=== Data for this exercise ===

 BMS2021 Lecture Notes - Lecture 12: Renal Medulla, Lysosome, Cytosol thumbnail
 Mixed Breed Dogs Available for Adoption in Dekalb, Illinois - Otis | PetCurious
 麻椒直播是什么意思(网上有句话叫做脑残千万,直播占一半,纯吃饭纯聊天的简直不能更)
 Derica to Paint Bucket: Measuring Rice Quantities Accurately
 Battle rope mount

===
=== Data for this exercise ===

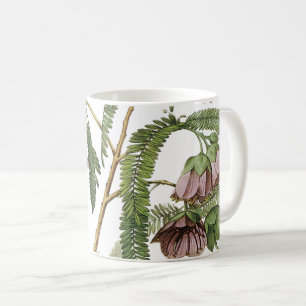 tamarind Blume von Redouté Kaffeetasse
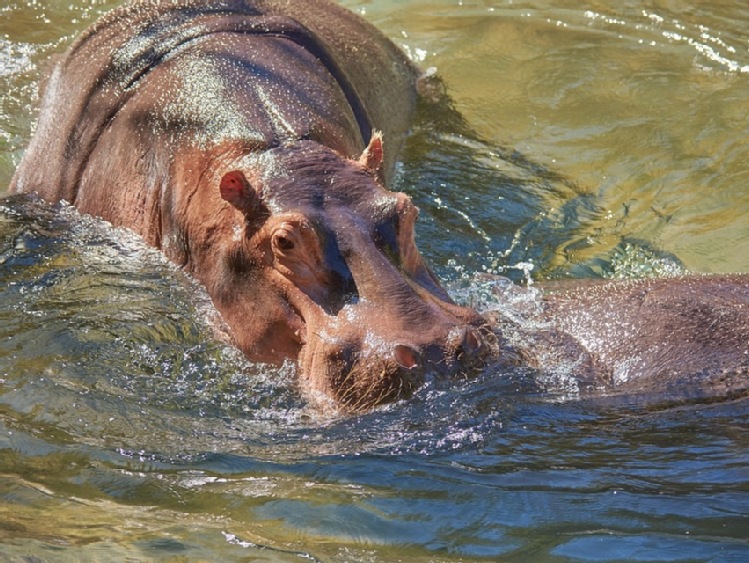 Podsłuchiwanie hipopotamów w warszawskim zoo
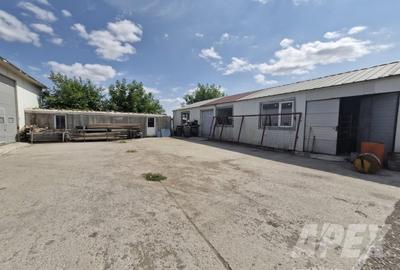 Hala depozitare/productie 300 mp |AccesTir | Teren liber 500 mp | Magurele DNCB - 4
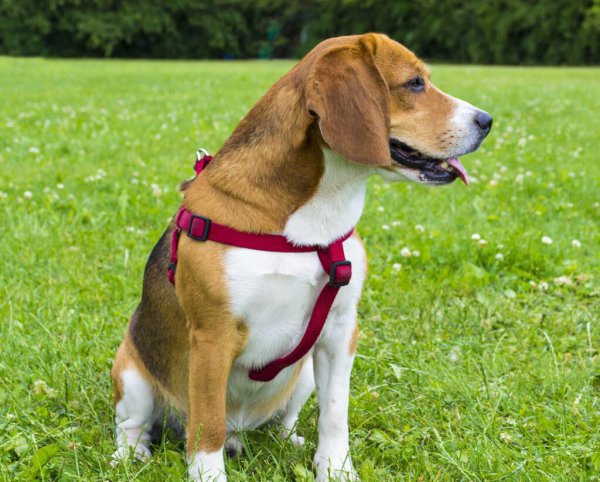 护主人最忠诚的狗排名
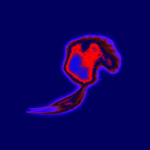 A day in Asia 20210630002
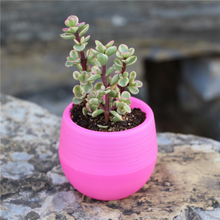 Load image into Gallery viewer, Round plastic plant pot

===
=== Data for this exercise ===

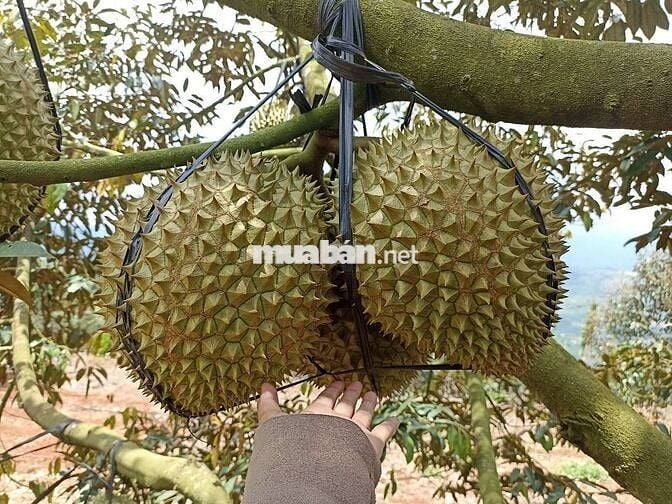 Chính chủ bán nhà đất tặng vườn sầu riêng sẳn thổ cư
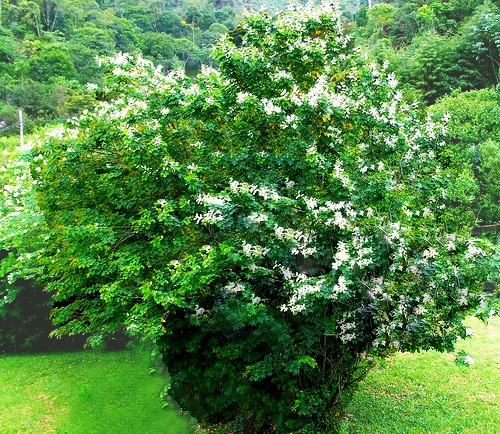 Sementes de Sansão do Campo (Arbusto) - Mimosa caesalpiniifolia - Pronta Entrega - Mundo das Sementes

===

_Work required:_ Begin at the line above that has "BMS2021 Lecture Notes" and stop after the line that has "Battle rope mount", copying each line exactly and adding nothing else.

_Output:_
 BMS2021 Lecture Notes - Lecture 12: Renal Medulla, Lysosome, Cytosol thumbnail
 Mixed Breed Dogs Available for Adoption in Dekalb, Illinois - Otis | PetCurious
 麻椒直播是什么意思(网上有句话叫做脑残千万,直播占一半,纯吃饭纯聊天的简直不能更)
 Derica to Paint Bucket: Measuring Rice Quantities Accurately
 Battle rope mount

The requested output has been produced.